The emergence of central bank digital currencies (CBDC) is gathering speed, with more than half of the world’s central banks actively considering their introduction.
The reasons are varied: to compensate for the reduced use of physical notes; to improve payments in digital retail; to respond to private cryptocurrencies that could threaten the role of fiat money; and to improve resilience and reduce risk in wholesale markets – among many others – according to a new discussion paper Exploring CBDC for International Payments.
Whatever the motivation, the momentum toward CBDCs seems clear and growing. Some central banks are already conducting live experiments, and the potential for currency evolution is being framed by some as a possible revolution in how value is exchanged.
Indeed, CBDCs could have profound implications for the global financial system that need to be thoroughly assessed and worked through – not least of which is to understand how a new form of central bank money could be used in payment systems.
Among the many questions: What payments infrastructure would be required for CBDCs? Is this a new parallel world based on distributed ledgers and portable digital tokens? Or is it an integrated world fully interoperable with existing forms of money? Or is it a hybrid of both?

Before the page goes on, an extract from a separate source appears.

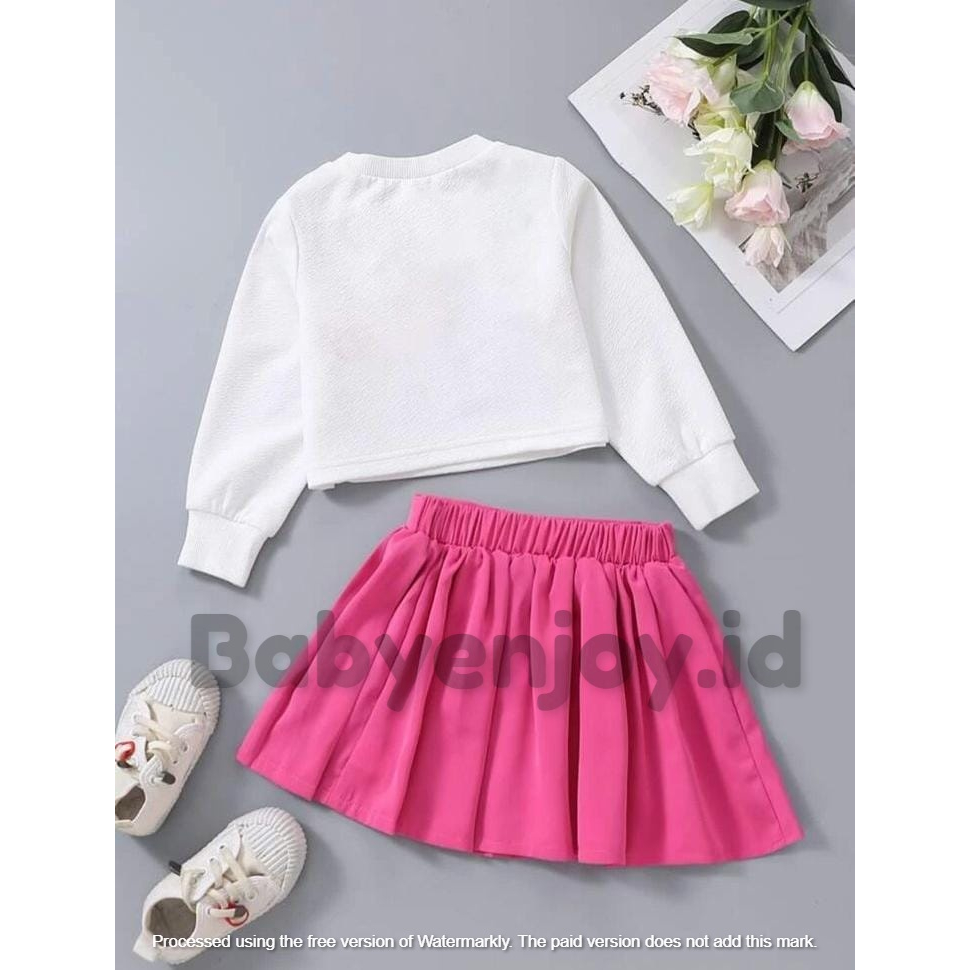 Jual Setelan Rok mini anak perempuan model korea bahan babyterry usia 1 ...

Equally important are the many possible impacts at a business level that need to be considered, in particular how CBDCs will impact the rest of the financial market.
“Making payments infrastructure based on CBDCs efficient and interoperable with the broader economy presents some new challenges, but the majority are the same as those faced by existing payment solutions,” says Thomas Zschach, Chief Innovation Officer, SWIFT.

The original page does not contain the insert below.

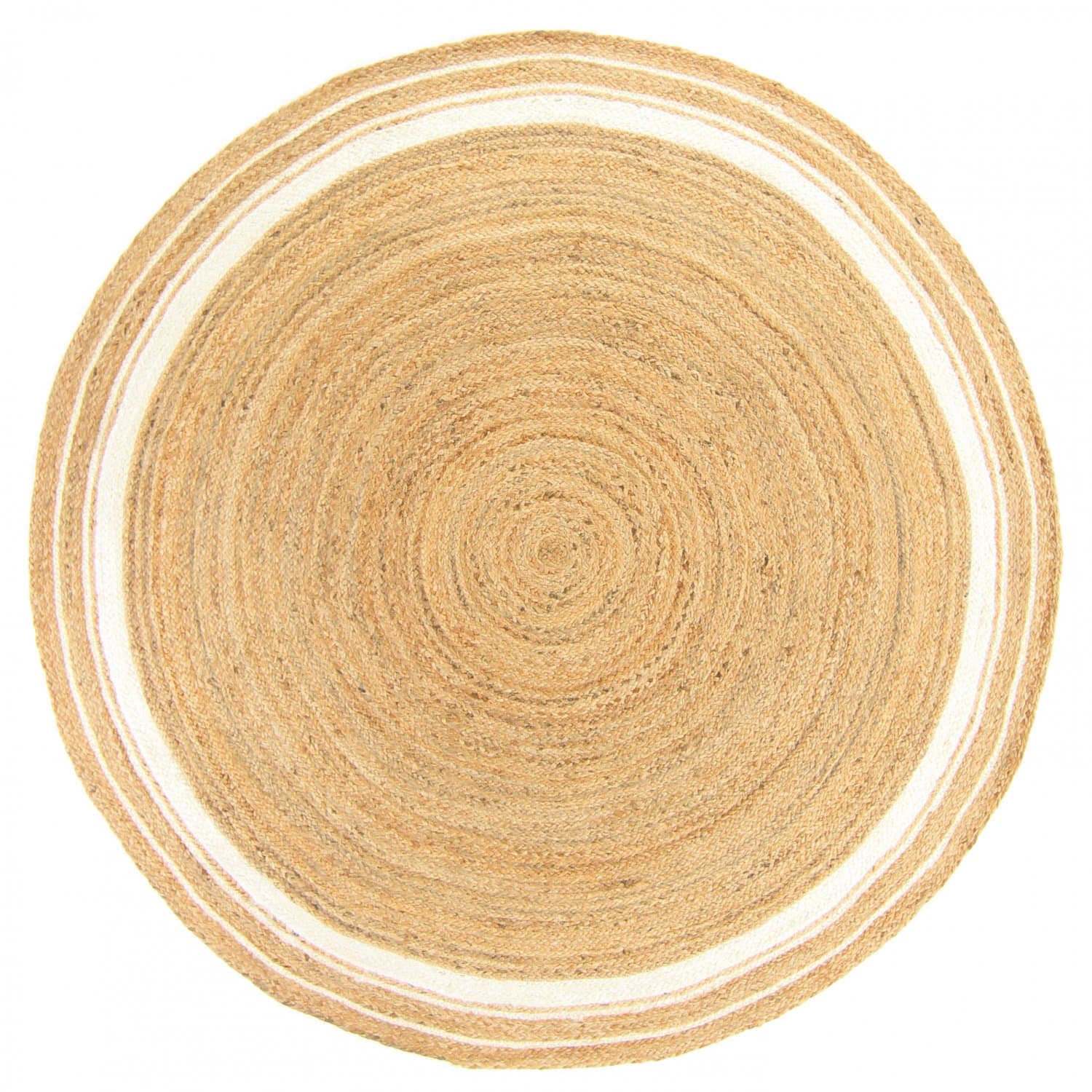 Runda mattor - Bundi (jute/vit) (Storlek: Ø 160 cm)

“As a co-operative that is neutral and currency agnostic, with reach across 11,000 institutions in more than 200 countries, and oversight by central banks globally, SWIFT is well placed to engage closely in the debate and any future evolution of money. We look forward to actively supporting our community on issues related to CBDCs and driving responsible innovation aligned with our strategic vision for instant end-to-end transactions.”
The paper seeks to advance the dialogue around the impact of CBDCs on payments, exploring various topics from the perspective of the SWIFT community with a particular focus on cross-border payments – a topic that is only beginning to be examined closely.
Many of the complexities in making a payment based on CBDCs will be the same as for existing payment solutions, but there will be other challenges and opportunities to consider as well.
For example, what would it mean to have a CBDC, perhaps represented by a digital token, move from one jurisdiction to another?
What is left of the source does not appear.